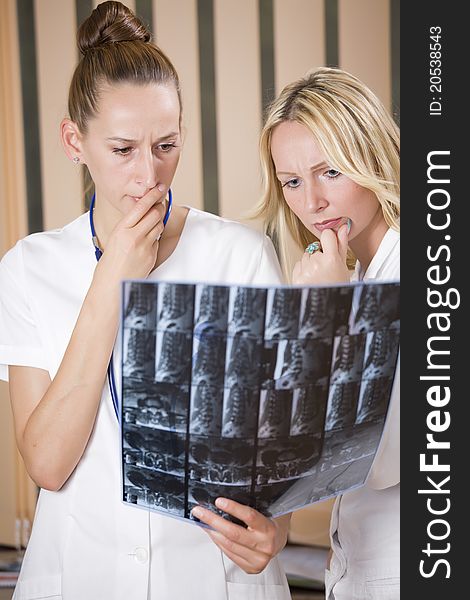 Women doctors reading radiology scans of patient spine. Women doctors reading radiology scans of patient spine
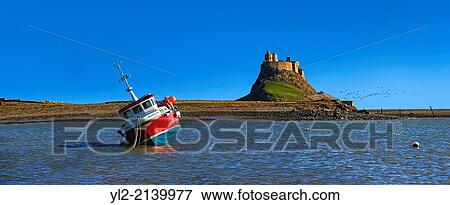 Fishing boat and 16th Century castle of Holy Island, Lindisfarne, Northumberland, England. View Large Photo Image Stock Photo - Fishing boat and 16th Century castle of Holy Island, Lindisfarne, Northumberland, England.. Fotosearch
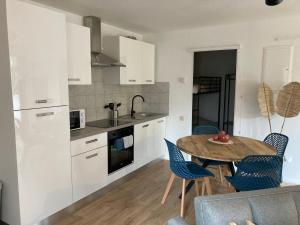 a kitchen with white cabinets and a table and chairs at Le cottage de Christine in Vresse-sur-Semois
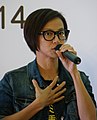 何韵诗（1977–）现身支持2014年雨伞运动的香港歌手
--
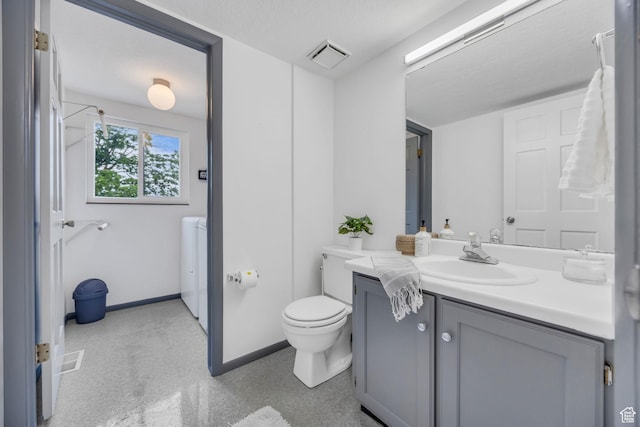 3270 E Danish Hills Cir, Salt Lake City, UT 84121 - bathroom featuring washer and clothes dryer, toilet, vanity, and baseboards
* * *
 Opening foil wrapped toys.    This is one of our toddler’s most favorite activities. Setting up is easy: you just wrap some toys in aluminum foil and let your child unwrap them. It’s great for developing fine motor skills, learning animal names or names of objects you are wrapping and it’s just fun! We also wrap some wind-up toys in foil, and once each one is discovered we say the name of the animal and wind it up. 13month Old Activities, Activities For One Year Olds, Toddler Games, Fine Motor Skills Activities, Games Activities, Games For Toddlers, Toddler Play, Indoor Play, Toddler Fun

- [Required work]: Print nothing but the lines above starting with the line that contains "a kitchen with" and going on through the line that contains "何韵诗（1977–）现身支持2014年雨伞运动的香港歌手". Leave out the pictures.

- [Answer for the task]:
 a kitchen with white cabinets and a table and chairs at Le cottage de Christine in Vresse-sur-Semois
 何韵诗（1977–）现身支持2014年雨伞运动的香港歌手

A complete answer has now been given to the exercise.